The Christmas tree that graces the centre of the Bernini colonnade in St. Peter’s Square is a tradition John Paul II introduced back in 1982.

Every year since then, the competition has been on to see who can grow the tallest tree to adorn St. Peter’s Square.

This year’s tree was a gift from the German city of Waldmünchen.

The tree and the Nativity Scene which was also erected in the Square, recalls “the joy of the blazing light of God” and “the Christmas tree is a sign which recalls” this, Francis said.

Today it is quite common to find fir trees even inside churches and not just in Alpine countries but across Europe and North America. The years when the Christmas tree was yet another cause of discord among the churches seem long gone. To remember but also to herald the future of ecumenical dialogue, the Salzburg Cathedral Museum has put on an exhibition entitled “O Tannenbaum”. The title is not only a reference to the fir or Christmas tree but also to a much-loved Christmas carol, composed in 1824 by Ernst Anschütz, an organ teacher from Leipsig. The carol is based on a 16th century folk song (a love song in which referred to the fir as a symbol of faithfulness).

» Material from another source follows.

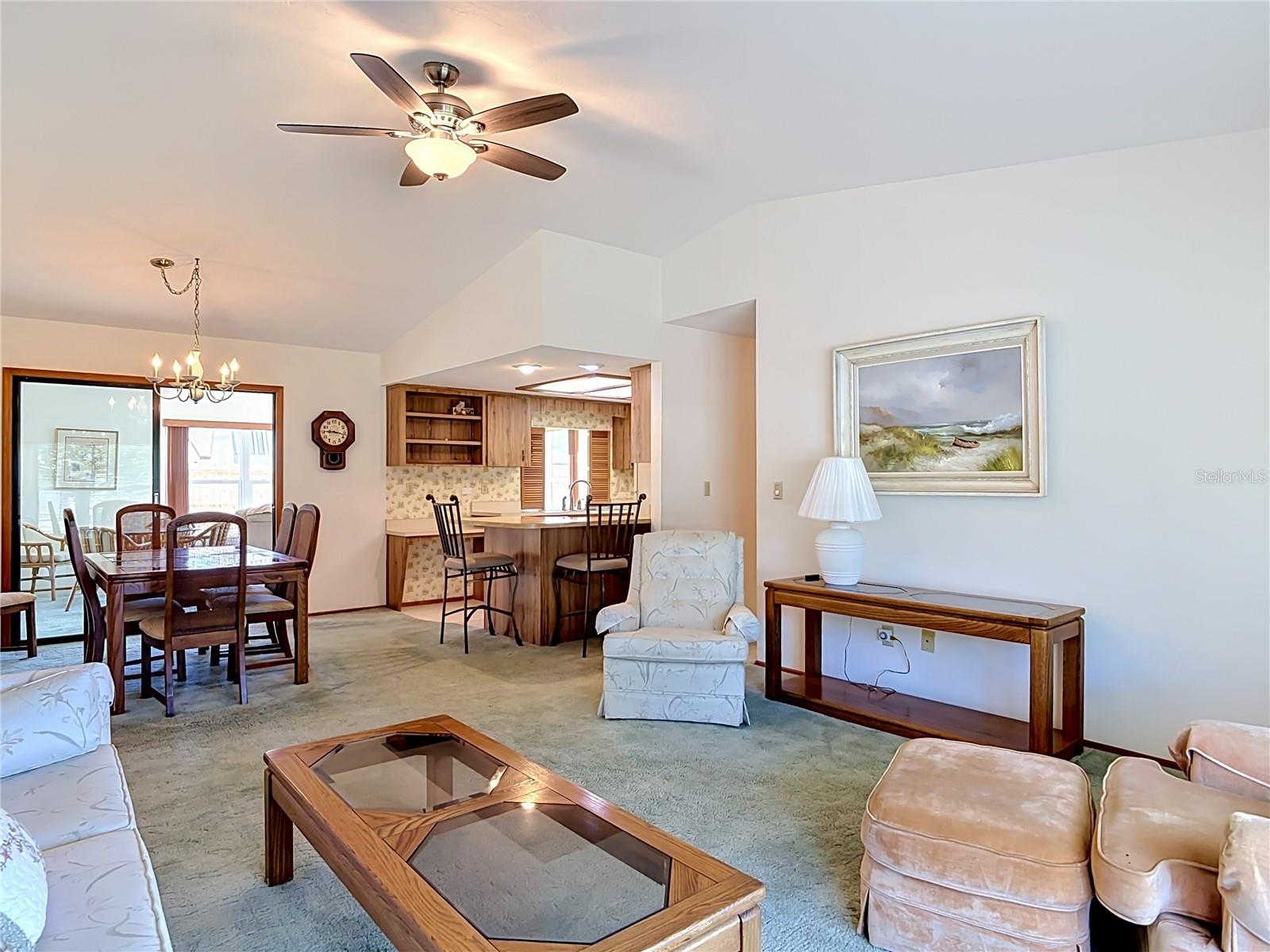 309 WILDWOOD DR, EDGEWATER, FL, 32132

Decorating the Christmas tree is an old tradition and white and red were the colours most commonly seen in Central European forests. From as early as 1525 the prince and bishop Matthäus Lang von Wellenburg would issue a decree for trees to be cut in preparation for Christmas.

But the tradition of decorating Christmas trees with paper roses, glazed apples and biscuits started further North in Strasburg and Germany’s literary giant Goethe wrote that he saw his first Christmas tree in Leipsig in 1767. The Christmas tree received official approval at the Congress of Vienna in Austria, having previously been considered a symbol of Protestantism. The capital of uber-Catholic Austria hosted the first Christmas tree feast in 1914. Two years later it made its grand appearance in the Hofburg, the former imperial residence in the heart of Vienna, by expressed wish of Henrietta of Nassau-Weilburg, spouse of the Archduke Charles. It crossed the Channel thanks to Prince Albert of Saxony, Queen Victoria’s spouse.

Despite attempts to introduce the tree as a symbol of Paradise and Life (and even as the tree of Jesse, a depiction of the ancestors of Christ), most of the Catholic hierarchy continued, at Rome’s request, to stigmatise the Christmas tree, labelling it a Protestant tradition or a sign of giving into “modernity”, for which forgiveness should be granted. All this was swept away in the early 1900’s, when the diocese of Salzburg started adding Christmas trees to the mangers that usually decorated its churches.

Since then, decorations have evolved to include all sorts of objects of different shake and forms: from the home-made sweets produced in the Biedermeier era (these were the sweets which Selma Lang, the wife of a Swedish pastor placed in the first ever Advent calendar), to the baubles and other decorations made of glass, silk, cotton, foil and all sorts of other materials. Lauscha glass decorations became very popular as of 1867, as did those made in Sebnitz, in Switzerland and Gablonz, in Bohemia. Electric decorations first appeared in the United States in 1870. This is when the production of artificial Christmas trees began. These would later be sent to soldiers fighting on the front in the First and Second World Wars.

The Christmas tree increasingly became a symbol of peace, despite adversity. Jewish children at a concentration camp in Theresienstadt, in Bohemia, even decorated a Christmas tree with some simple objects found. The exhibition at the Salzburg Cathedral Museum will be open until 6 January 2014 from 10-17. It is a collection of Christmas tree paintings and related objects, including old decorations and Felix Ignaz Pollinger’s “First Christmas tree in Ried” (1848) is among the works on show.